No they don't become rational, FK. They are accepted in spite of our inability to understand them. Thus, we accept resurrection of dead people. Is that rational? Our reason rejects it, but we accept it spiritually.
Actually, with the premise of an omnipotent God, my reason is just fine with resurrections and other miracles. I believe these things literally happened and were not Biblical metaphors. They are perfectly reasonable and make perfect sense, given an all-powerful God. To rationally hold otherwise is to deny omnipotence.

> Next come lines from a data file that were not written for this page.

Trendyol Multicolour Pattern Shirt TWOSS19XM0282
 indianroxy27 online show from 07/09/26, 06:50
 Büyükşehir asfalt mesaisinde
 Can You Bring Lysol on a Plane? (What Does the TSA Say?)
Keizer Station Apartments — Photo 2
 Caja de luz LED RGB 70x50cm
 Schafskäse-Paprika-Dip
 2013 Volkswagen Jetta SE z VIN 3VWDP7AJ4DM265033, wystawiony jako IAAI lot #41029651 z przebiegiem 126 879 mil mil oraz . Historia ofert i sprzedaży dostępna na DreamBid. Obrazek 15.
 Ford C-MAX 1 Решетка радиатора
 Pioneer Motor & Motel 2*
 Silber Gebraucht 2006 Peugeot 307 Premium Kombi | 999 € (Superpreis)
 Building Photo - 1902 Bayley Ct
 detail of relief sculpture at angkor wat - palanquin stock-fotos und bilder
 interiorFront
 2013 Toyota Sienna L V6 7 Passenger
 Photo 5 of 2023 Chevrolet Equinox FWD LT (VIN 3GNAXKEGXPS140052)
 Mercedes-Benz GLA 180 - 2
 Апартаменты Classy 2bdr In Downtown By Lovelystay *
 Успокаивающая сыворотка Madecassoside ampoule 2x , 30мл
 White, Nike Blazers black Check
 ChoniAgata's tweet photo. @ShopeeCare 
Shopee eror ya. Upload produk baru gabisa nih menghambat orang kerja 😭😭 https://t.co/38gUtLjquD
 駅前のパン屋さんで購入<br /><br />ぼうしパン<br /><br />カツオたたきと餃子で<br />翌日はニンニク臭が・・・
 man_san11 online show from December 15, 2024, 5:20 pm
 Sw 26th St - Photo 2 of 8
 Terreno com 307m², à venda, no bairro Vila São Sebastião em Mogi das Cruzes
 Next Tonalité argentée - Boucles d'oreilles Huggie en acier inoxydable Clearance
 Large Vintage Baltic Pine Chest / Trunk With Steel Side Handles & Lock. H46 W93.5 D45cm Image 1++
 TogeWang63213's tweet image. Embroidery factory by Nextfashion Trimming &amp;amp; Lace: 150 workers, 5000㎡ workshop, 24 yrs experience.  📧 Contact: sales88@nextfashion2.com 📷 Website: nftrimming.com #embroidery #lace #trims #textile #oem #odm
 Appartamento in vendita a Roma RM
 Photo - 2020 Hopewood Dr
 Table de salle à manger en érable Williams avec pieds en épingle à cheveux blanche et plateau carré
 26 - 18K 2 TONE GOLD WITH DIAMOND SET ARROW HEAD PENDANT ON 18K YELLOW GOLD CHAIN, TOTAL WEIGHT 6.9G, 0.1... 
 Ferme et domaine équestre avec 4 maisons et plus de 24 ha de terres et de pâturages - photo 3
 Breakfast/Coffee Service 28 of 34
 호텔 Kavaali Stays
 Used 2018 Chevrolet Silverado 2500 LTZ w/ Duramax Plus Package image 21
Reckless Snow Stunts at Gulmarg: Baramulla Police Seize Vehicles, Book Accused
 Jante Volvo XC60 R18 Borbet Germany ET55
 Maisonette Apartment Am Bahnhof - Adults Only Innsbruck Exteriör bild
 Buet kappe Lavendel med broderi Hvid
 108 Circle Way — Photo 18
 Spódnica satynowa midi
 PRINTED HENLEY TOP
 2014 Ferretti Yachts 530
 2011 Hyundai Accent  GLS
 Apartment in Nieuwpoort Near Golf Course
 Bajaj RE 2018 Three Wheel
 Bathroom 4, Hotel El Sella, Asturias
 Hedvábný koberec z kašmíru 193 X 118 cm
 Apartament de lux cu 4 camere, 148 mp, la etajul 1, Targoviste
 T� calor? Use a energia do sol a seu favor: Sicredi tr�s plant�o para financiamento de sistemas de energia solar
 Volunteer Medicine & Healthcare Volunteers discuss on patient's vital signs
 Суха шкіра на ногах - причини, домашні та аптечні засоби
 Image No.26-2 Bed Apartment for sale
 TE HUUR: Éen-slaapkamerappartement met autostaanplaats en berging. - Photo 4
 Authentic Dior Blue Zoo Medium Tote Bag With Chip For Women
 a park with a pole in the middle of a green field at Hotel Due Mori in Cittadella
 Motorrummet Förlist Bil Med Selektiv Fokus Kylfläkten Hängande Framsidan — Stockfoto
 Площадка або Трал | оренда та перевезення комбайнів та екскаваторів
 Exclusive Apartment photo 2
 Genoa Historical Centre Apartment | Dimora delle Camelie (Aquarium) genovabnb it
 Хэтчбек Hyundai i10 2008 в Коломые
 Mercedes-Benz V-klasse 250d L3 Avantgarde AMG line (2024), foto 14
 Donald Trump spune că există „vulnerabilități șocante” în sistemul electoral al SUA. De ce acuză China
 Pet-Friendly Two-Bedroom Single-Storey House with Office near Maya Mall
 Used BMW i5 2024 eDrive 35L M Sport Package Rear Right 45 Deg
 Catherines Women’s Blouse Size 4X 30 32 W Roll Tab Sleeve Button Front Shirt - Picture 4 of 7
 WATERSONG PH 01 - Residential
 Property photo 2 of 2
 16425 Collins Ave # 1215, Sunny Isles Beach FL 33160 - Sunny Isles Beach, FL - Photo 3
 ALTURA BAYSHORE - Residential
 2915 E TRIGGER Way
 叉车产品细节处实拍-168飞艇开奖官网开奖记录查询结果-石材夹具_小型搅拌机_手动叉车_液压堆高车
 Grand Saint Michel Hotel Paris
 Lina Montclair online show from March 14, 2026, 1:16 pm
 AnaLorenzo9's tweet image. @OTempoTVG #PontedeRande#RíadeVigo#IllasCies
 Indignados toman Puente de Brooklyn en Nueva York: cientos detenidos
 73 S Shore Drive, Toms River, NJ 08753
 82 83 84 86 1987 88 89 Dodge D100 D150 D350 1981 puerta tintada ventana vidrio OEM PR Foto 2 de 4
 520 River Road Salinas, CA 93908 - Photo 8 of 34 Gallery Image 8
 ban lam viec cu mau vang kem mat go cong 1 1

Usually behind all these fancy miracles that are hard to believe and impossible to understand, lies a divine message the story is meant to convey. Ignoring the fancy details (the devil is in the details!), you can capture the meaning of that message without resorting to superstition.
Why do you think some of these are superstition, and never really happened? Do you have reason to believe God couldn't perform them, or that He wouldn't perform them? I have none. Does 3 days in the belly of a fish offend your reason? Child's play for an omnipotent God. It is perfectly reasonable.
That argument carries about as much weight as Mohammad's claim that God dictated Koran to him word by word. A psychotic can claim with equal conviction that he is Napoleon, FK. It's all quite "reasonable" when you dispense with reality.
Things just don't happen the way they are described in the Bible, some people's fancy notwithstanding.